***** Records to use *****

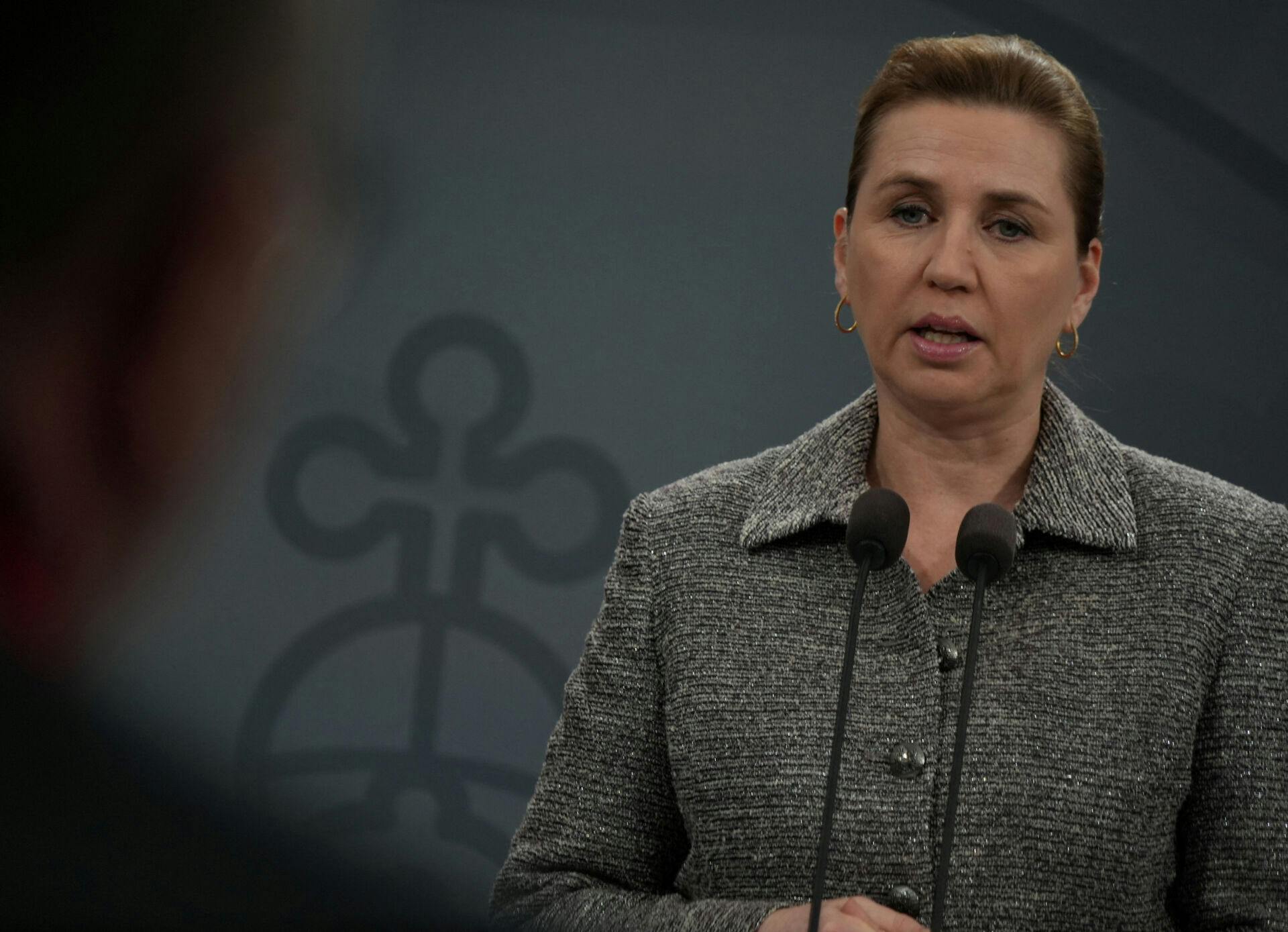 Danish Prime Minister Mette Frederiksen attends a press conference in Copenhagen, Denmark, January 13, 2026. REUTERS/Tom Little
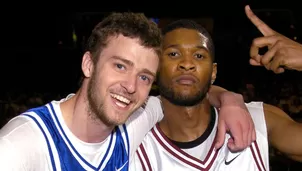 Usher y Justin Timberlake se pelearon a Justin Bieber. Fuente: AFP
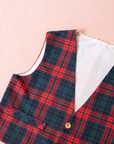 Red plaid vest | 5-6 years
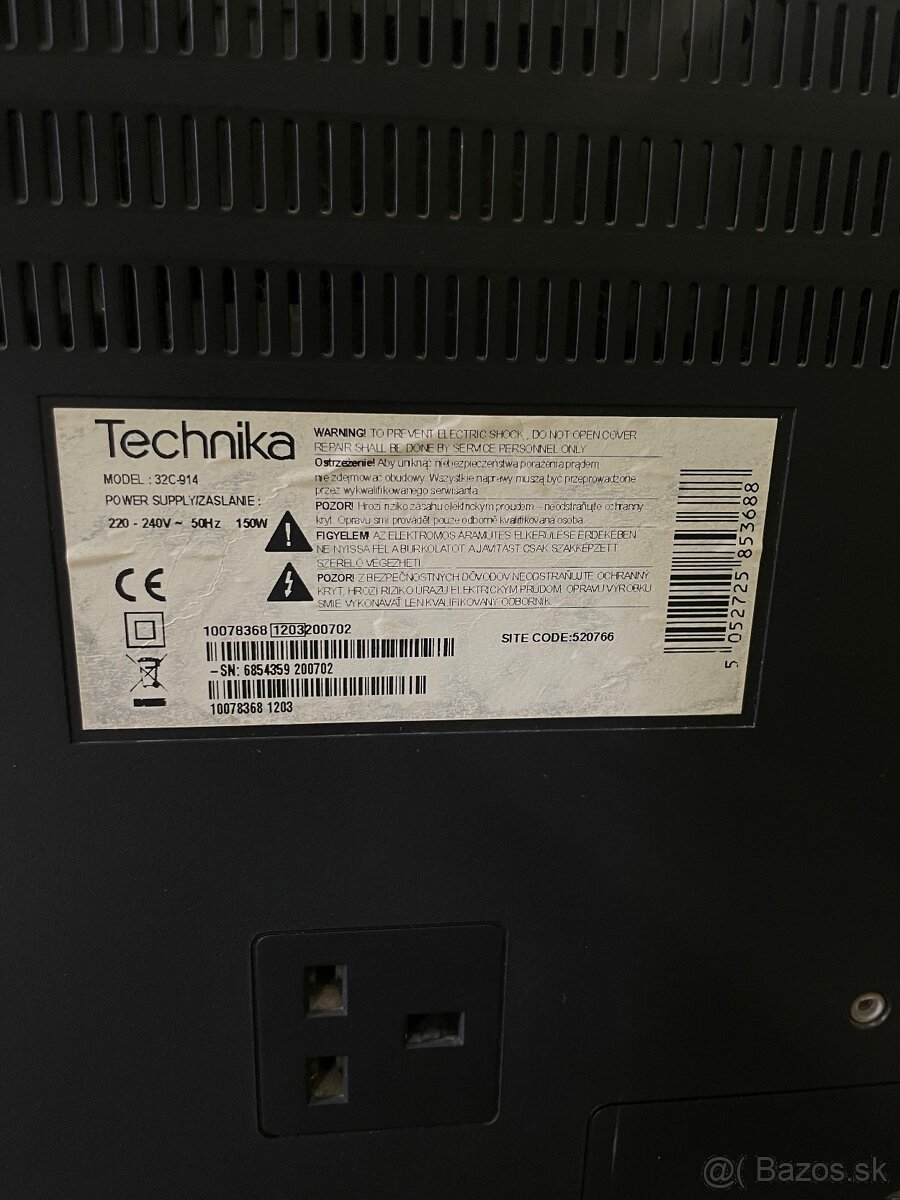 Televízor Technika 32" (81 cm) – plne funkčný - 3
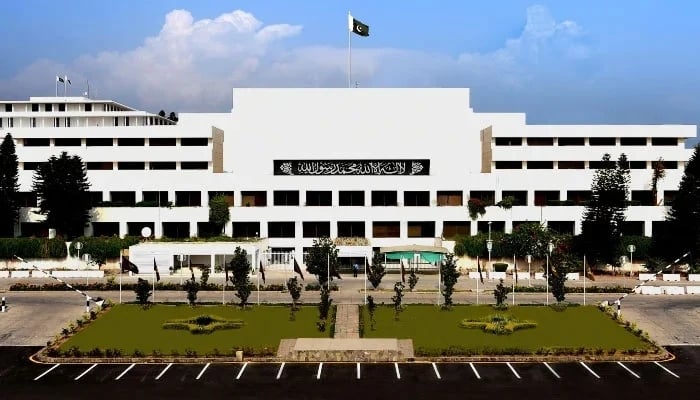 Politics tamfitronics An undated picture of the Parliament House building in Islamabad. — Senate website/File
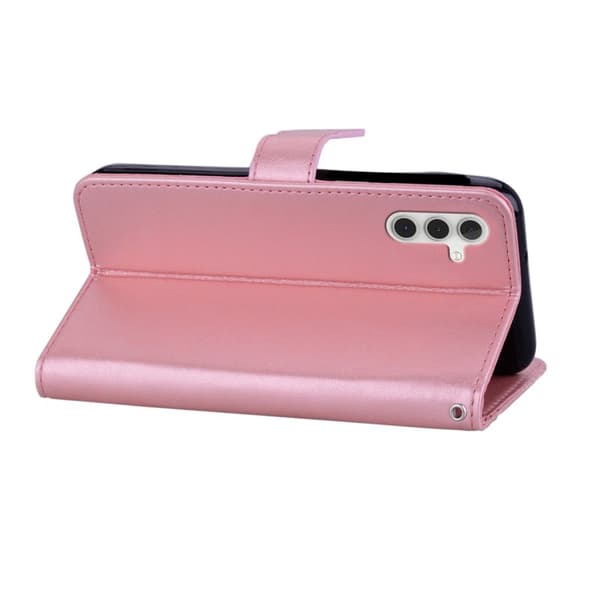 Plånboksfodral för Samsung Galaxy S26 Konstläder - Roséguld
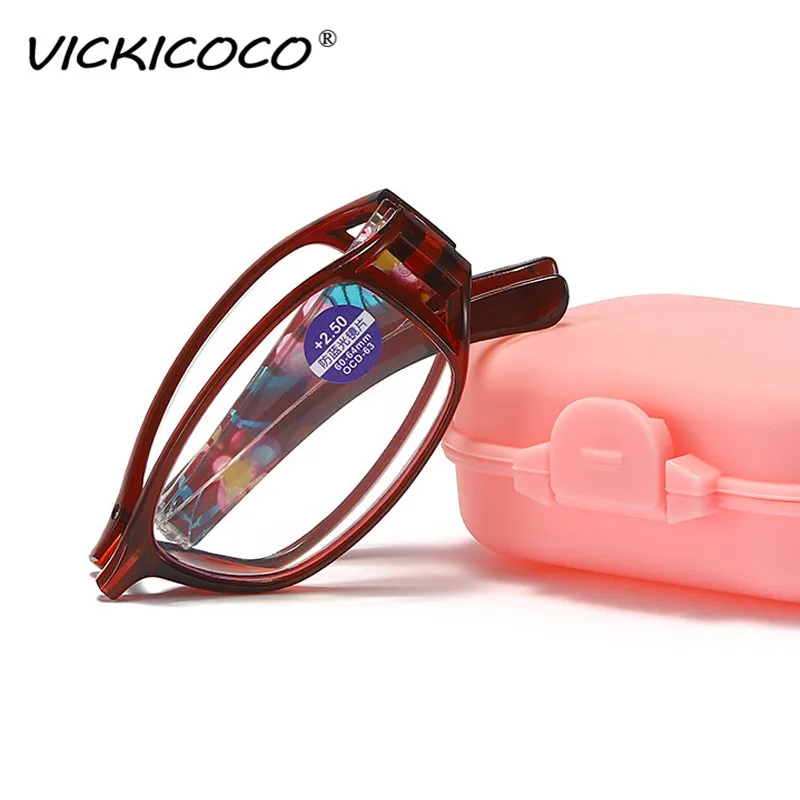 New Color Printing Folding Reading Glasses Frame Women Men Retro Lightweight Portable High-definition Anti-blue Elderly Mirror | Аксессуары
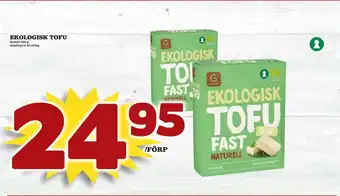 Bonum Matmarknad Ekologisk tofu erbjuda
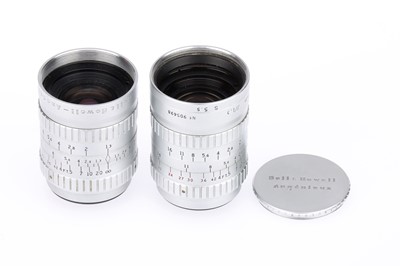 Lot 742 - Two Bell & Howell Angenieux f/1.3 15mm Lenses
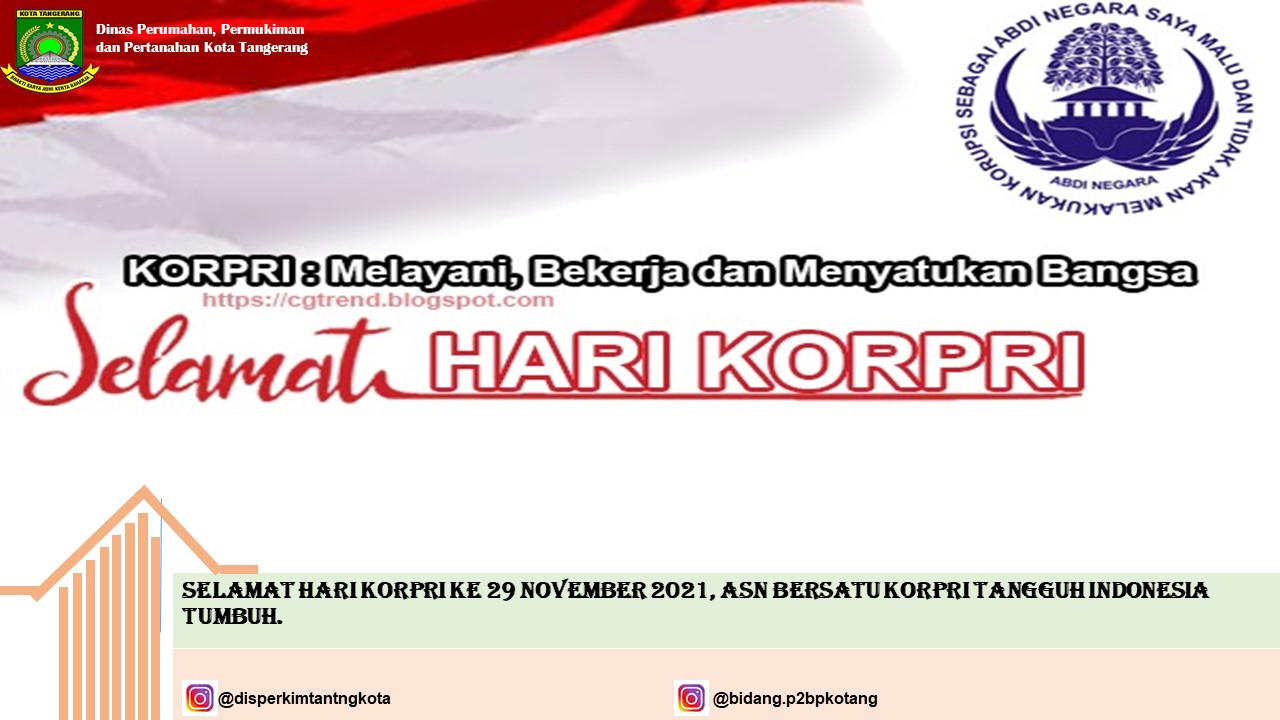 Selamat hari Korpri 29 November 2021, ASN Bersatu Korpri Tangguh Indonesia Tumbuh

*****

## [What is needed]
Starting at the line that contains "Bonum Matmarknad Ekologisk tofu erbjuda", transcribe each line through the last one of the entries above, exactly and without pictures.

## [Answer for the task]
 Bonum Matmarknad Ekologisk tofu erbjuda
 Lot 742 - Two Bell & Howell Angenieux f/1.3 15mm Lenses
 Selamat hari Korpri 29 November 2021, ASN Bersatu Korpri Tangguh Indonesia Tumbuh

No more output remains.